Amazon Enforces Mandatory 2FA For Ring, Effective Immediately

Ring Logo 2018 AM AH 1 2019

Starting today, Amazon is reportedly enforcing a mandatory 2FA for Ring account logins. That change comes alongside several others announced by the retail shipping giant, as well as some new security policies that will take effect later on.

While 2FA — or two-factor authentication — has already been optional for Ring accounts, that’s now going to be mandatory. As that implies, that means users will now need to input a code when logging into their ring accounts. The practice is no longer optional.

Following standard practices, that will be a one-time six-digit code. Amazon delivers that code directly via the users’ email or SMS inbox. Users will have the option to choose either delivery method, so they can pick the most convenient option. The code will be applicable to the primary and secondary Shared User.


What other changes are incoming for Ring, aside from 2FA

Aside from looking to address problems with illegitimate logins using 2FA, Amazon’s Ring division also opted to make some other changes effective immediately.

Those chiefly follow numerous reports about possible problems with consideration for data privacy. Among the most recent of those, Ring’s doorbells were recently found to be leaking data to Facebook and other companies without user consent or knowledge. More importantly, that information was being taken even for Ring users who didn’t have Facebook accounts, to begin with.

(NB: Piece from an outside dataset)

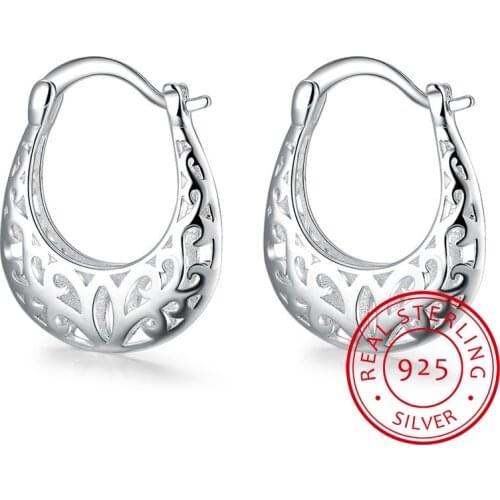 925 Sterling Silver Hoop Earrings New Handbag Shaped Flower Patterns Fashion Party Earrings for Women Jewelry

Now, Ring is working to give users new tools that will help manage third-party service providers. That includes opting out of third-party personalized advertising, which was a significant part of the abovementioned link. The more immediate impact of that is that Ring will now pause “most third-party analytics services in the Ring apps and website.”


Amazon hasn’t highlighted exactly which third-parties are being cut off. The company is holding the pause until it has given more options to opt-out of sharing to its users. The Amazon-owned IoT, connected security unit expects that to arrive at some point this Spring.

Whether or not that’s enough to stave off some of the negative publicity that’s surrounded the company and Ring in recent months remains to be seen.

Google Nest has already promised mandatory 2FA but on a different timeline

Amazon got the jump on its most prominent rival, Google’s Nest, with its decision to enable the 2FA requirement now. Nest plans to implement its own similarly-drastic requirement as early as this Spring. That will mean that both of the world’s biggest IoT and smart home platforms will require the authentication, with deeper controls in place, around the same timeline. But it also means that Ring users are caught unawares.


Prior to this announcement, Ring has made no indication that it would be altering policy to enforce 2FA as mandatory.  The user feature can be helpful in that it adds an additional layer to overcome to get into an account. But more determined bad actors can also spoof numbers or hack emails to overcome the measure with relative ease.

That doesn’t mean the new forced authentication is necessarily a bad thing. So long as Amazon follows through on its other measures too, the features should collectively make user data much more secure.